Obama Has Given Us No Reason to Trust Him on Trade

The following opnion-editorial ran in the Wheeling News Register/Intelligencer on Sunday, February 15

Trust is a precious commodity. Think of the last time someone you trusted broke a promise. Would you trust their word the next time they offered it?

President Obama has consistently broken his trust with the American people on immigration, health care, and foreign policy yet he is now asking for expanded power to negotiate trade deals, but without input from Congress. This authority is called “fast-track” and would allow the President to negotiate wide-ranging deals behind closed doors with nations in Asia and South America as well as the European Union. Any deal he makes would receive a rushed vote on the House floor with no amendments and limited debate.

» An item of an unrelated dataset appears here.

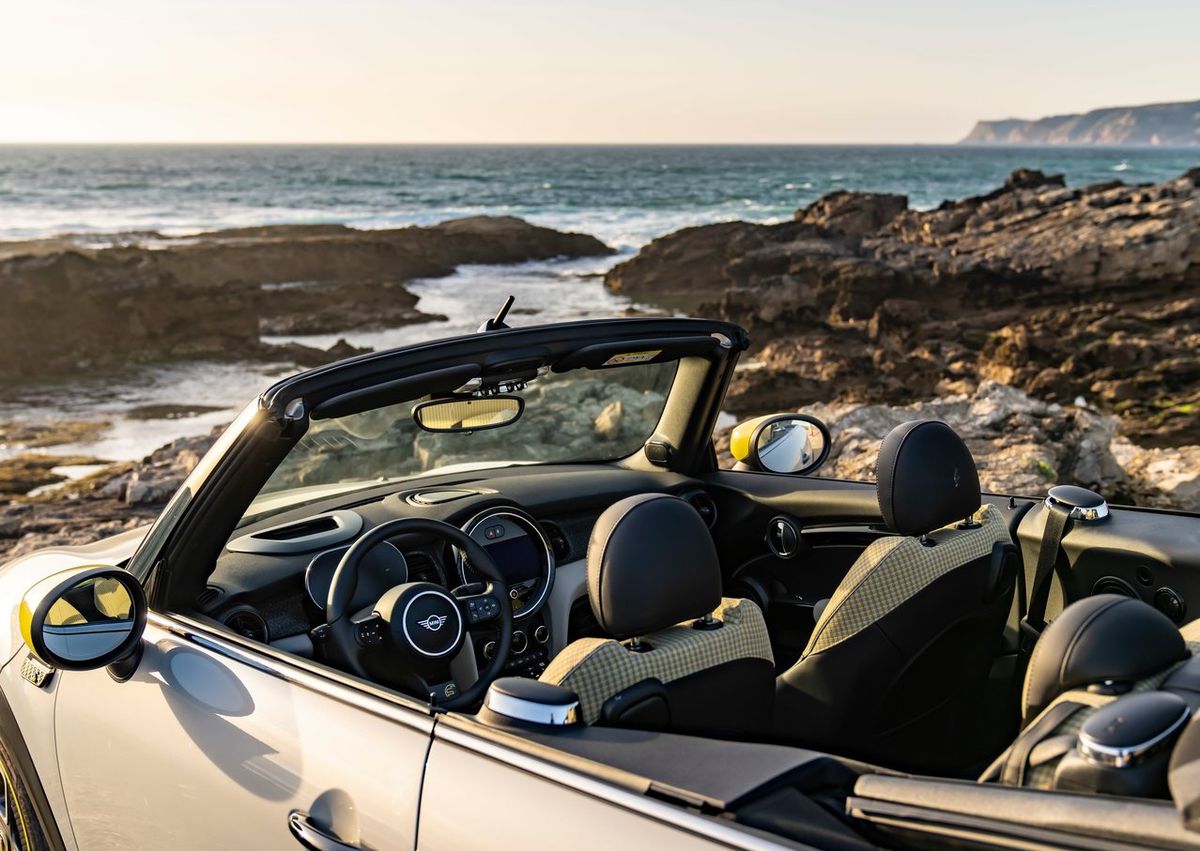 Hoci je MINI Cooper SE Convertible Concept plne...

In fact, the Obama Administration is already negotiating these deals in secret. The draft agreements are treated like state secrets, meaning lawmakers may only review them under strict rules - no notes, no copies, no staff.

Given his track record of broken promises and circumventing Congress, why should the American people trust that any agreement President Obama negotiates will be in their best interest? There is concern in Congress on both sides of the aisle that he will not cut a fair deal.

The President has repeatedly shown he will use his influence to push an agenda – sometimes going beyond his Constitutional authority. If given this “fast-track” authority what could President Obama include in a trade agreement? He could mandate a reduction in the use of natural gas and coal at home and abroad, implement his controversial climate change agenda, and impose radical environmentalist regulations.

President Obama is already telegraphing his tactics in recent deals with foreign nations. In China, he agreed to reduce our use of coal and gas while not holding them to the same standard. In India, he called for them to use less coal when producing energy.

The new trade agreements President Obama is negotiating with Asian and European countries are no less than “NAFTA on steroids.” We’ve watched this movie before, and in West Virginia, it does not have a happy ending.

President Obama should visit West Virginia, western Pennsylvania, or eastern Ohio and see the real world impact of these past unfair trade policies. He could drive through Wheeling and Weirton where the once booming steel industry employed 30,000 workers, but now is down to under 1,000. He could visit Homer Laughlin China in Newell, one of the last manufacturers of china in America, that is already competing with cheap knock-offs coming from Asia. He could visit Marble King in Paden City, a manufacturer that competes with foreign companies that pay wages a fraction of what is paid in West Virginia.

Some parts of America may have benefited from previous trade agreements, but in West Virginia, we are well aware how prior “fast-track” trade agreements, like NAFTA, have wreaked havoc on our industrial heartland, costing jobs and devastating communities. Driving up the Ohio River Valley you can see the abandoned plants that serve as silent monuments to unfair trade agreements that have spelled disaster for American workers.

Trade can be good for our economy, but only if it is fair. Giving President Obama “fast-track” authority does not ensure American workers the level playing field they deserve.

Fair trade for American businesses, consumers, and workers would be a better goal for the Congress to pursue. A fair trade policy would keep in mind middle-class families that have seen manufacturing jobs decline by nearly 700,000 since NAFTA and zero wage growth since 1996.

President Obama’s massive trade agreements will ultimately run thousands of pages and cover hundreds of issues, impacting all corners of our economy, and without input from Congress. Do you remember when Nancy Pelosi said Congress had to pass Obamacare to find out what’s in it? It will be the same with these trade deals.

Haven’t we learned our lesson?

President Obama has lost the trust of many Democrats and Republicans and it would be a mistake to grant him “fast-track” authority.